The other two safeguards applied to people with disabilities as well as other enrollees. Enrollees who were not exempt from the requirements and subsequently were determined to be non-compliant could have their status changed and be excused from the requirements by requesting a “good cause” exemption. Enrollees also could file an appeal to have a hearing to review the state’s decision to terminate their coverage under the new requirements.
This issue brief analyzes the impact of the four measures intended to safeguard coverage for people with disabilities and others who should not have been subject to the work and reporting requirements. It draws on data newly available from Arkansas’ 2018 annual waiver report to CMS and monthly data released by the state while the requirements were in effect. The data reveal that few people used these safeguard measures relative to the number of people who lost coverage due to the new requirements. Among those who accessed the safeguards, the vast majority did so due to disability/other health issues or technical issues such as those related to reporting. Key findings include the following:
- The four safeguards intended to protect coverage for people with disabilities and others who should not have been subject to the requirements are strikingly complex. Each safeguard has a different operational process and can be invoked at different times.

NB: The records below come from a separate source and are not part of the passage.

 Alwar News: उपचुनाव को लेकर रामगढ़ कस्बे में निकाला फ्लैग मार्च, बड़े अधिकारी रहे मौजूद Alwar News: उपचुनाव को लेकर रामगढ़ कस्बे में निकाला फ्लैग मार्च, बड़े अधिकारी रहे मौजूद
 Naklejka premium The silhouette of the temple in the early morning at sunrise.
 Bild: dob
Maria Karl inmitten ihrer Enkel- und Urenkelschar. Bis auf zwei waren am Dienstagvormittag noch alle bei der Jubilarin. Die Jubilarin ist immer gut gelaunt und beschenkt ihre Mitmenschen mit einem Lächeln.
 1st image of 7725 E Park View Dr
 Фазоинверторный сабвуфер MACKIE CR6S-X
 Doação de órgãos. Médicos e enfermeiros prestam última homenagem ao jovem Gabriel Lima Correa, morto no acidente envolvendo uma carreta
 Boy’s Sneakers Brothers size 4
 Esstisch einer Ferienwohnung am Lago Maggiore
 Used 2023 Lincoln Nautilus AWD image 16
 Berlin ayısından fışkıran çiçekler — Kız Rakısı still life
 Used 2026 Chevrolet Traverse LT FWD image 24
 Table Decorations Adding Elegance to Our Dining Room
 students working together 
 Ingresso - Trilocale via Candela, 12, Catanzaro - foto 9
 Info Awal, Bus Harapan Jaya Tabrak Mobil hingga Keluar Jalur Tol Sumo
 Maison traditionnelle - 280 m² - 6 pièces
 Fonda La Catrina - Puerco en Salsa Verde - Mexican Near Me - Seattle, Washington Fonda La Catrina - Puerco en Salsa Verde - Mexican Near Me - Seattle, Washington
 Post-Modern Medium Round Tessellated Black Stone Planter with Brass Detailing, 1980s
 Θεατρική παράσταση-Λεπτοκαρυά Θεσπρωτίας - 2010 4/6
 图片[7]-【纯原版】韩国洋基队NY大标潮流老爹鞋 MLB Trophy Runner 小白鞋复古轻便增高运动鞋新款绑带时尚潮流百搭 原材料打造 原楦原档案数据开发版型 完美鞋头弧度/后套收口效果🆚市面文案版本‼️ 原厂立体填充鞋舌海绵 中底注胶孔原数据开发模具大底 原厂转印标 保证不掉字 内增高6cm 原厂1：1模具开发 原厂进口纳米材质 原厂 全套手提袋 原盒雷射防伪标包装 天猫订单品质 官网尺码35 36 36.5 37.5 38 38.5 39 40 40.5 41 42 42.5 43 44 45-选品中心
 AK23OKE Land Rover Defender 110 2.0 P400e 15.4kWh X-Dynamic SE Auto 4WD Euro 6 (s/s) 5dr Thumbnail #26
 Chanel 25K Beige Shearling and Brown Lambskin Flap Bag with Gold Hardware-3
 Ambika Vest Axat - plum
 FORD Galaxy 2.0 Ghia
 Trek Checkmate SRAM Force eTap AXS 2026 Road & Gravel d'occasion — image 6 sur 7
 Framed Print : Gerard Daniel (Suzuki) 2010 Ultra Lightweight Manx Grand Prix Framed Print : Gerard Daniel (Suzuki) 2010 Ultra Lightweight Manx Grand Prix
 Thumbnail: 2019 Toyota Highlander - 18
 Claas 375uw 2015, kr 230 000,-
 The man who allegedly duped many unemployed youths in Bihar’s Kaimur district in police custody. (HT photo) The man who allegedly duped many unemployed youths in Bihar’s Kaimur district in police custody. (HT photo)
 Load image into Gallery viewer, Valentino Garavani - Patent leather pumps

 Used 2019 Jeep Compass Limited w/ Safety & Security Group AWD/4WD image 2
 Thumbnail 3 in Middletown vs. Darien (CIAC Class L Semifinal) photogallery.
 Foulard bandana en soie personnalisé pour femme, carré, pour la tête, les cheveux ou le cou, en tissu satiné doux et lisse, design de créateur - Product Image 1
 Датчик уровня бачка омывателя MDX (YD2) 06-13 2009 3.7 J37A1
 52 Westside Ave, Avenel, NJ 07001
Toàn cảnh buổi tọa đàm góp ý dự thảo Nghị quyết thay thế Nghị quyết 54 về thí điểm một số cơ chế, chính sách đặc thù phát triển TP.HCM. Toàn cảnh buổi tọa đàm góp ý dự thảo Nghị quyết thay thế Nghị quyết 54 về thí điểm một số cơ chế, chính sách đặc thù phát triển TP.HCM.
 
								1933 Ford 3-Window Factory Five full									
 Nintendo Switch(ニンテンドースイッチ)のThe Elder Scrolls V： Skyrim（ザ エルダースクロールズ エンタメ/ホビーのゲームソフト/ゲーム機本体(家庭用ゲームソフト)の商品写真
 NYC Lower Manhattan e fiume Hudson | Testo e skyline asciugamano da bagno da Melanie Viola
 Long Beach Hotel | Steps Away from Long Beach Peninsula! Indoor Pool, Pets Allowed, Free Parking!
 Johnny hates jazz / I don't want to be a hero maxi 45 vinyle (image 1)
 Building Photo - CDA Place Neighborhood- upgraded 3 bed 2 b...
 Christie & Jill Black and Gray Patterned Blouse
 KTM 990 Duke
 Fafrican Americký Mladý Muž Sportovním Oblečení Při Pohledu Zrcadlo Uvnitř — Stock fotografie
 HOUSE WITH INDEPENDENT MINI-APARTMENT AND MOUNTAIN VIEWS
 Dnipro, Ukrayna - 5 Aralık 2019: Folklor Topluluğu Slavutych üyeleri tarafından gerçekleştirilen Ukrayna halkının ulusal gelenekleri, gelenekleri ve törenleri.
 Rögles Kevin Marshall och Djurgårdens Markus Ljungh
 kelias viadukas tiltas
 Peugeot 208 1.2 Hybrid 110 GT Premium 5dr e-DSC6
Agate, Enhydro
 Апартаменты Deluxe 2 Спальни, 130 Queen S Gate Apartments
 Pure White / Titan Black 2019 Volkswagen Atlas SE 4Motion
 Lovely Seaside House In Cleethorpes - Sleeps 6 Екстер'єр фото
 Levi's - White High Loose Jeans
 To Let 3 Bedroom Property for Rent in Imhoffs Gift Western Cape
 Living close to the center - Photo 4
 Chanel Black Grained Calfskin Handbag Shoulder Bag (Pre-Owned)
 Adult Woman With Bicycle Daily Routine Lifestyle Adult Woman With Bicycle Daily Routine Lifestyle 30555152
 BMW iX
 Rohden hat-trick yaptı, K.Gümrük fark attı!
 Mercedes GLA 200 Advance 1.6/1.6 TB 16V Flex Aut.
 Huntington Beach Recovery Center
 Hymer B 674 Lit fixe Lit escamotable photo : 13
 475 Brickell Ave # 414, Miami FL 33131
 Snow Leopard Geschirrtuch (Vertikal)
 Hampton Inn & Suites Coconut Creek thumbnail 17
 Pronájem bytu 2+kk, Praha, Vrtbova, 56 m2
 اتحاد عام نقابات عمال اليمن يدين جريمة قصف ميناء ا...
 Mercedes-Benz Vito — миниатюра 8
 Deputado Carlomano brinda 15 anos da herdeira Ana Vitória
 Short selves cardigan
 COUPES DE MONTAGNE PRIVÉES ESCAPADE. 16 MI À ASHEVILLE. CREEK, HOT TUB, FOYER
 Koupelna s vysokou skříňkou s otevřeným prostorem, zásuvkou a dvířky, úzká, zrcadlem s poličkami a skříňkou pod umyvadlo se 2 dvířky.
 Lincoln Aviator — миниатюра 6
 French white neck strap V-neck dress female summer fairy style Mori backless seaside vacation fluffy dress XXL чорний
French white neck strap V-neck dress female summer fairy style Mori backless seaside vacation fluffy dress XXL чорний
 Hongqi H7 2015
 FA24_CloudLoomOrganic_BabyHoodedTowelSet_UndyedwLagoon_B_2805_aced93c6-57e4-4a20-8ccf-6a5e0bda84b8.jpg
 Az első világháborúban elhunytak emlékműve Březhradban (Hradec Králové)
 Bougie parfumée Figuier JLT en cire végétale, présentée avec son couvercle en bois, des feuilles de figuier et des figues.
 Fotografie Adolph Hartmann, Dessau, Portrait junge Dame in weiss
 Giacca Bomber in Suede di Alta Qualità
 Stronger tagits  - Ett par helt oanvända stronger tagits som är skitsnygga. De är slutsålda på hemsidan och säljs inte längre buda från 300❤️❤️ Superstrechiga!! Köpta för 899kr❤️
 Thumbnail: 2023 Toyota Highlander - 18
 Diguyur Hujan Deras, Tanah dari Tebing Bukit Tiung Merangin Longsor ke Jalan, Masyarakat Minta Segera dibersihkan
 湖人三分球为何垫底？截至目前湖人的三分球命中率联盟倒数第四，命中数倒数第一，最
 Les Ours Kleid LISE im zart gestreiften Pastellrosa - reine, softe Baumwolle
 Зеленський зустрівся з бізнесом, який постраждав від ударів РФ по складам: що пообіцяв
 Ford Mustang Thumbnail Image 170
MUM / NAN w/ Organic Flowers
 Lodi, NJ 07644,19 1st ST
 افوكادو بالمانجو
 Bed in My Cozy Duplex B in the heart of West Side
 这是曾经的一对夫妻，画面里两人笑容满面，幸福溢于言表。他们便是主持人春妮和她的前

- Few enrollees utilized the processes intended to safeguard coverage relative to the over 18,000 people who lost coverage. While the medical frailty and good cause processes enabled some enrollees to retain the coverage for which they remained eligible, there were only 904 good cause requests, 17 reasonable accommodations, and 69 appeals in 2018. These low numbers may reflect a lack of enrollee knowledge about the safeguards and/or challenges navigating the required processes. Because over half of nonelderly adult Medicaid enrollees in Arkansas report a disability but do not receive SSI, it is likely that more enrollees qualified for relief from the requirements but did not navigate the process.
- People with disabilities were particularly vulnerable to losing coverage under the Arkansas work and reporting requirements, despite remaining eligible. As the requirements took effect, the share of enrollees identified as medically frail increased from 9% (about 2,200 people) in June to 14% (about 8,400 people) in December 2018. Still, this process did not identify all enrollees whose disabilities or health conditions prevented them from complying. Over one-third of approved good cause requests excused enrollees who had not been identified as medically frail from meeting the work or reporting requirements due to a disability or health issue.
- Administrative processes such as reporting requirements present barriers to eligible people retaining coverage beyond just those with disabilities. Over three-quarters of approved good cause requests excused enrollees from meeting the reporting requirement. This means that enrollees had completed the required number of hours but nevertheless initially had been found non-compliant because they were unable to successfully report. Technical issues were the most frequently cited basis for approved good cause requests, followed by enrollee disability or other health issues.
Looking ahead, the impact of measures intended to safeguard coverage for individuals with disabilities and others who should not have been subject to work and reporting requirements has implications for Arkansas as well as other states pursuing similar waivers. While the Arkansas requirements have been set aside by a court, they could be reinstated on appeal. The four safeguards are important protections to help eligible people remain covered, but their benefits may not have been fully realized due to the complexity of the processes. The extent of disability and technical issues, primarily related to reporting, experienced by those who ultimately were exempted from the requirements raises questions about whether additional individuals who lost coverage under the waiver might in fact remain eligible but were unable to retain coverage due to a disability or another difficulty navigating the reporting process.